一口食べると、レジアスは大きく目を見開いた。
「ほぅほぅ、辛さは控えめじゃが具材に味付してあり美味いのぅ。
カリカリするのもいい感じじゃ。」
「でしょ?みさとの自信作だよ。」
「たっくんが時間経過の魔法かけたでしょ?」
「俺はそれだけだよ。
具も味付けも胡麻油も辣油も、みさとの手作りでしょ?」
「みさとは凄いのぅ。
うちの奴らにも教えてくれんかの?」
「良いですよ。
ねぇたっくん、あのお店で出せるかな?
次の新メニューに良いと思わない?」
「んむ、良いかもね。
胡麻油と辣油の作り方も、クレスタに売るかな。」
「先ずは食べてもらわないとかな?」
「そうだねみさとさん。」
「悪巧みしとるのぅ、拓海よ。

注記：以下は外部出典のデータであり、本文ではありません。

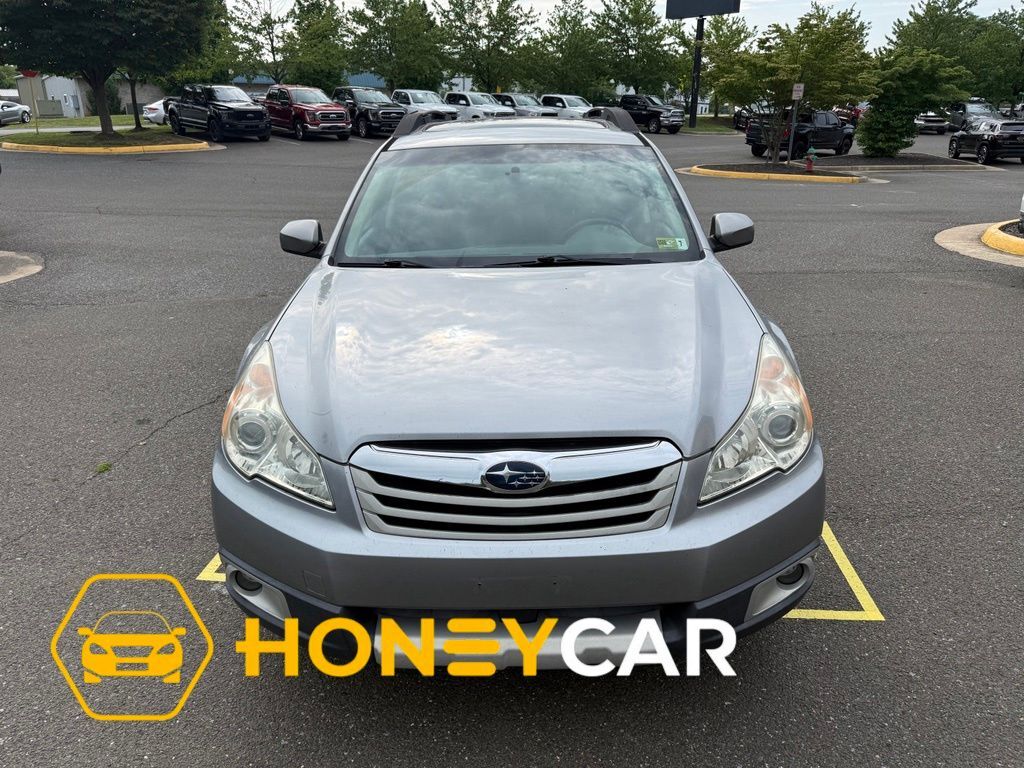 2011 SUBARU Outback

」
「えぇ!美味しいのがいつでも食べられるのは嬉しいでしょ?
胡麻油なんか作るの手間大変なんだからね。」
「そうなのか?
それなら、店で売ってた方が嬉しいのぅ。」
「でしょ?
料理は店で出して、必要な調味料は作るところから売れば向こうも儲かるでしょ。」
「こうなるとさぁ、鶏ガラとか豚骨でラーメン作りたいよね。
お隣さんから買ってこようなかぁ。」
「待ってみさと、それもできるの?」
「ほら、ネットで先生に聞けばどーにかなるんじゃない?」
「夢が広がるなぁ。
レジアス、まだ研修で出掛けるまで期間あるの?」
「アイシスが準備出来次第連絡すると言っておったからなぁ。
あやつは、私が絡まなければ優秀なんじゃ。
あっという間に整えそうな気がするのぅ。」
「それはわかる。
みさと、帰ってきてからラーメン頑張ろうよ!
俺も一緒にやりたい。」
「いいよ!楽しみだね。」
そんな話をしている間も、シビックはもぐもぐ食べ続けている。